Image via the ABC/AAP

When feminist author Anne Summers announced she would be conducting two events in conversation with Julia Gillard, one commenter responded, ‘this will sell out faster than a Pink concert!’ They were right. In a testament to the deep esteem in which many Australians hold Gillard, both events sold out within hours.

Since losing office, Julia Gillard has largely maintained a dignified reticence. She offered a few understated tweets on the day of the election, congratulating the Coalition on their win and commiserating with her former Labor colleagues over their loss – ‘My thoughts are with you all.’

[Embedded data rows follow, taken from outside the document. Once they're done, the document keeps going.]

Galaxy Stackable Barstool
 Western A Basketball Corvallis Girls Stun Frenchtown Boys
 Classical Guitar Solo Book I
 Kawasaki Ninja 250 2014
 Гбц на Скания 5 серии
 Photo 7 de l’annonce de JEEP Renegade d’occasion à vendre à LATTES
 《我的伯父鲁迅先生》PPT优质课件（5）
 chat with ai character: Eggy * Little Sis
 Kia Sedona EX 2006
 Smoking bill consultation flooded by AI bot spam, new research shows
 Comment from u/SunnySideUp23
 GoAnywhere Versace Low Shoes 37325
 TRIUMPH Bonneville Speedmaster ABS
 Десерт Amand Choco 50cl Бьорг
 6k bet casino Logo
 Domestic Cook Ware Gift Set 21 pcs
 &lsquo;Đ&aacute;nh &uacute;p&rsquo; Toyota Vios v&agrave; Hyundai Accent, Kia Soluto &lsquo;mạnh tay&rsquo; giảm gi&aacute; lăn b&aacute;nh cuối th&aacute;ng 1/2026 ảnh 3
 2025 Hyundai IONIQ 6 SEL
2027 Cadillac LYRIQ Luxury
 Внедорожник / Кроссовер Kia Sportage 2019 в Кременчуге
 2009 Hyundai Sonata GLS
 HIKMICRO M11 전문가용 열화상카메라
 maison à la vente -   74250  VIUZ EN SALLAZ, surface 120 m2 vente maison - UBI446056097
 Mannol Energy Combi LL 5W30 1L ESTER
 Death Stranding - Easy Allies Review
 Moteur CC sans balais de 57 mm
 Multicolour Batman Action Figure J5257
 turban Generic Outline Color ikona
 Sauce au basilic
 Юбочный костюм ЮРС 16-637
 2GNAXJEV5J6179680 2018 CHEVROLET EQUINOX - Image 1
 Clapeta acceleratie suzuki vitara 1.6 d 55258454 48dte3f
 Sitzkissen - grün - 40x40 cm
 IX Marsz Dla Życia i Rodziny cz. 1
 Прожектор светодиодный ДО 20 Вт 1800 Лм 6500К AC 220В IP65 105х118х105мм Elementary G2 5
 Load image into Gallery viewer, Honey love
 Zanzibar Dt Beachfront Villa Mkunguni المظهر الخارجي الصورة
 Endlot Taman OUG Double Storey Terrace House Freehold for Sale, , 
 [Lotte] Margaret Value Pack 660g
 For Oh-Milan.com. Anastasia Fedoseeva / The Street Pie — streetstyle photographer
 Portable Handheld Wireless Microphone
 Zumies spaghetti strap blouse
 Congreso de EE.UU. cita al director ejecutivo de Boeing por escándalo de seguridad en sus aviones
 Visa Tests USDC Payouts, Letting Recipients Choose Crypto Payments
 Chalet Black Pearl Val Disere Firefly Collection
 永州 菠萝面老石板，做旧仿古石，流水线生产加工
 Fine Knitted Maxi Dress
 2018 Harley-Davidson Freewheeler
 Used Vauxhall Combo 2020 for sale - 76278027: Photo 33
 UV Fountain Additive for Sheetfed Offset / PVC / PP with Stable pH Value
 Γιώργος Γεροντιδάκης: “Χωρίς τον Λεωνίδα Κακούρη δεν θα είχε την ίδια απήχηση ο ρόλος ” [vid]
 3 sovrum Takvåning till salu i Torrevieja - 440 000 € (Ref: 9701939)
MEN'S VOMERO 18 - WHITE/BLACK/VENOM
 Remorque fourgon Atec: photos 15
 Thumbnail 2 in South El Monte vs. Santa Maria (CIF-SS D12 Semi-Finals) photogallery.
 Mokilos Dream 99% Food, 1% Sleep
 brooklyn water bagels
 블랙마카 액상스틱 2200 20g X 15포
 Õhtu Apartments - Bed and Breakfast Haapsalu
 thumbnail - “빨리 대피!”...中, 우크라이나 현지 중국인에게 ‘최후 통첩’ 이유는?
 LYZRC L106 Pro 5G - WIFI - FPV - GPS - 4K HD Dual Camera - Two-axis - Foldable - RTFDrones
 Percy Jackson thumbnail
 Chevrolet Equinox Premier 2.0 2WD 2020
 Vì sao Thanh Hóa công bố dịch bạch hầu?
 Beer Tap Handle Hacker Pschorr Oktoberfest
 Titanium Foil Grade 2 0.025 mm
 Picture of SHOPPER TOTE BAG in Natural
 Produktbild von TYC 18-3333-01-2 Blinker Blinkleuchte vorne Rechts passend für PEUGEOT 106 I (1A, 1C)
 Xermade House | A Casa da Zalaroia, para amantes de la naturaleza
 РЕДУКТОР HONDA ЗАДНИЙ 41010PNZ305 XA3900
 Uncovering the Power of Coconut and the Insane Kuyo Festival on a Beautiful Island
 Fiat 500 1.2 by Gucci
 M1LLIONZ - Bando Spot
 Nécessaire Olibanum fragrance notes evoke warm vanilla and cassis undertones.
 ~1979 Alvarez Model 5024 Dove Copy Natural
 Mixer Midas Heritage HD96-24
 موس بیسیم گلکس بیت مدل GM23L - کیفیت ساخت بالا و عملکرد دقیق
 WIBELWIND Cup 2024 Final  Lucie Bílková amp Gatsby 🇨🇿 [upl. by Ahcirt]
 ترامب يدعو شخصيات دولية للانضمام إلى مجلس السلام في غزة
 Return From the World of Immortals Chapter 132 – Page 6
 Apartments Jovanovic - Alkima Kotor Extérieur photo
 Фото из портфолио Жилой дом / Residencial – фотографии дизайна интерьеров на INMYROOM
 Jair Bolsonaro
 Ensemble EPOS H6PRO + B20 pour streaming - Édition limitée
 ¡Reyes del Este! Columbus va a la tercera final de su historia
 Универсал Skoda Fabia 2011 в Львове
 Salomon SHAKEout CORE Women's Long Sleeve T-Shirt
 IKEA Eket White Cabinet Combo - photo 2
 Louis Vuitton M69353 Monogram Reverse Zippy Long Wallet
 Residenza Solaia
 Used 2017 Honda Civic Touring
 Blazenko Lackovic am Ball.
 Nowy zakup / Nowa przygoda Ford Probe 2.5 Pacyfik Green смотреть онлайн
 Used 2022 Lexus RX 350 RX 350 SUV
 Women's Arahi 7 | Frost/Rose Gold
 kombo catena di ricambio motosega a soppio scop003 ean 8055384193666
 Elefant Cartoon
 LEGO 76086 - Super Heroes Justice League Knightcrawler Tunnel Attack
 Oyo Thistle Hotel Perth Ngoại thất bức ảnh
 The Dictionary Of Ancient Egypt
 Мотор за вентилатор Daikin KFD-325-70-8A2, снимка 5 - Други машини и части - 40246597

One week after the election, she published a lengthy opinion piece for The Guardian, reflecting on the legacy of her government and delineating the challenges facing Australia over the next three years.

Aside from these instances, however, Gillard remained resolutely out of the public eye, until this week.

On Monday, her conversation with Anne Summers at the Sydney Opera House was broadcast live by the ABC. On Tuesday, the two women spoke before a sell-out crowd at the Melbourne Town Hall.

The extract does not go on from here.